My medium foot trundled forward, caught his skirmishers, and pushed them back. Interestingly we found that they were not going to do that great against his longbow, because the main unit involved was disrupted. I need to make sure I employ these guys “clean” they need all the dice they can get.

In the centre, Dan lost by pernicious dice.  2 of the units of knights were tied up with light horse and light foot. the other 2 units headed toward the armoured spear and the chariots. The armoured spear fell back (on examination of the charts I needed to leave ’em there, they were well able to look after themselves) and the chariots sat, while one unit of  mixed foot moved up on the chariots left,  trying to remember where they packed the anti-cavalry stakes.  The idea was to have them on the flank of anything engaging the chariots, though things were looking thin for the weelie boys facing 2 units of knights.

It worked partially, though. Dan had to adjust his leftmost (my point of view)  pack of knights to acknowledge the mixed unit, so only 4 guys charged the wheelie boys. then Dan’s dice exploded, leaving a horrid mess all over the table. The knights only had 2 advantaged dice on impact with the chariots, and I rolled 2 hits, he only one.

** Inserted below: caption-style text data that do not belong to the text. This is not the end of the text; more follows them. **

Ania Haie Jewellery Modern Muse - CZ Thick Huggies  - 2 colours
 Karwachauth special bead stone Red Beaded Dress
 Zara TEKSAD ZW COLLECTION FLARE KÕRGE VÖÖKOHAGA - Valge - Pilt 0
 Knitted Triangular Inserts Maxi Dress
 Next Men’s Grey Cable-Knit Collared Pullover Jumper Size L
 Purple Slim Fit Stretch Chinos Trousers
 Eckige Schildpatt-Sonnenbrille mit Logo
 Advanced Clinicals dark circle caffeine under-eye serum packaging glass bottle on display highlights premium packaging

Then in combat, I got 4 hits, a knight died, they went disordered and the general died too, disrupting the other knight group. ( cannot remember if we rolled for the first, engaged group for seeing the general run over by a delivery van). On Dan’s right one group of skirmishers was dead, another about to be charged by medium foot, and the poor longbow were next on the list.  While I had failed to achieve much on my right, I had not got myself boxed in, either, so he had nothing happening there. So we called it a chinese victory at this stage.

The only thought I have here is how, in FoG, am I going to minimise the effect of a blown die roll or 2. Clearly you need to look at more average, capable, units, so if one fold, the strength of the army is not critically reduced; rather than a situation where if one or 2 of certain units are lost, the game is over, pack it up.

But I have no idea how to achieve that.